I am not one for nostalgia and “The Wayback Machine”, but there are few seminal moments in my life that hit me and U2’s “The Joshua Tree” was one of them.
What’s interesting about this album is that it wasn’t one of my favorite albums. To this day, it still doesn’t rank as a top 10 album for me. However, it is still a go-to album when I am needing to remind myself of a good time in my life.
When I first heard the lead single from the album, “With Or Without You”, I looked at my radio and said, “What the fuck is this? Where is the angry protest of ‘New Year’s Day’ and ‘Sunday Bloody Sunday’? Where was the shitty production of their earlier work?” It was soft…it was a song about unrequited LOVE?
WTF?!?!?! U2 doesn’t write love songs!
Then said to myself, “Well, I guess they do now”. I felt that was the end of the band. I became that fairweather fan of a band. You know the one that walked around saying, “they suck now that they went commercial”.
I refused to buy the album…nope, U2 was now not one of the bands I wanted to call cool.
Then came “I Still Haven’t Found What I Am Looking For”. OK, this wasn’t about love, it was more about confusion of spirituality. Something I was struggling with, while going to a parochial high school. But it was still lame, compared to their other stuff, though it had that “Unforgettable Fire” and “Bad” vibe. So it was OK. (though I find it funny that The Edge didn’t like it at first, at first and called it something akin to “Eye Of The Tiger”). Lyrically, this song resonated with me, but, again, it was moving up the Top 40 chart and I was having none of it.
“Where The Streets Have No Names” was another one that hit me with lyrics, personally and it had that social topic that I loved on “War” and “Boy” but it was still to slick and I hated that part of it.
But then I heard “Bullet The Blue Sky” on a Rock station I used to listen to ALOT in Dallas, TX. And I said, “THIS is the U2 I know and enjoy”. The song was hard (for U2 standards).
The drums hit hard, (Led Zeppelin fans, forgive me) like “When The Levee Breaks”.
The bass had this “I’m wearing Doc Martins and I am going to kick your ass” feel.
The guitar evoked emotion with a Jimi Hendrix vibe.

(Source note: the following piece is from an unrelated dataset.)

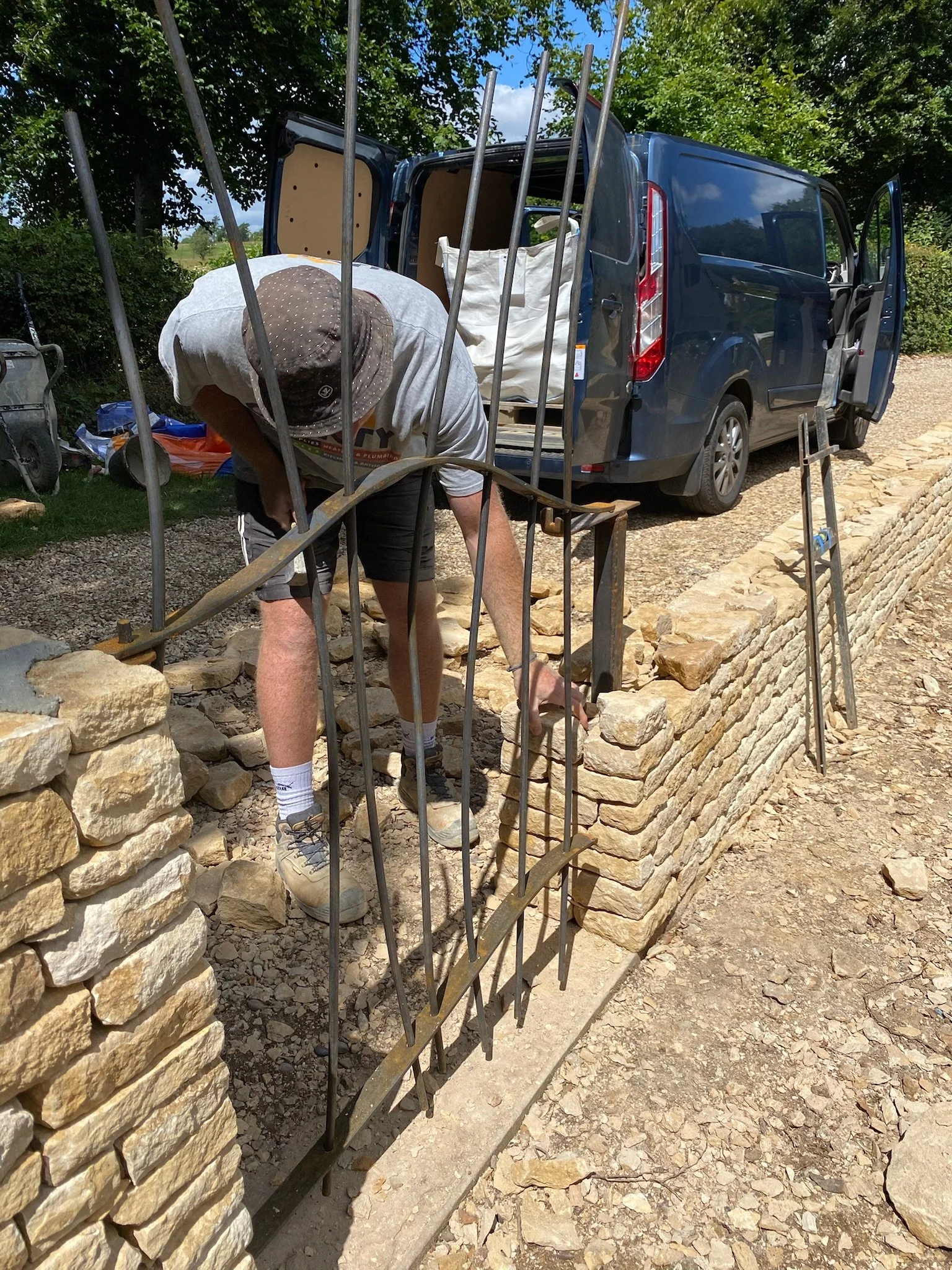 A man working on a low stone wall with a metal fence in front of it, near a blue van with open doors, outdoors with trees and a gravel ground.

Bono was singing in the same tone he did on earlier albums. He had anger, he had angst, he had emotion. It all felt so real. I could feel it.
All because of this song, I bought the album.
I then became the guy who appreciated the non-Top 40 songs more than the “hits”. “Running To Stand Still”, “Red Mining Town” and “Mothers of the Disappeared”, harkened back to the band’s earlier albums.
So basically, I listen to the album from tracks 4 through 11.
No disrespect to the first 3 songs on the album, I get it, you have to have hits to grow your fanbase. No one ever got into the music business to be poor and anonymous. God knows, they became one of the biggest bands in the world after The Joshua Tree and I can’t hate that.
In the end, The Joshua Tree does mark their explosion into the mainstream, but as most music does, it projects you to a time in your life that you remember…for good for bad.
This one reminds me of better times…mostly.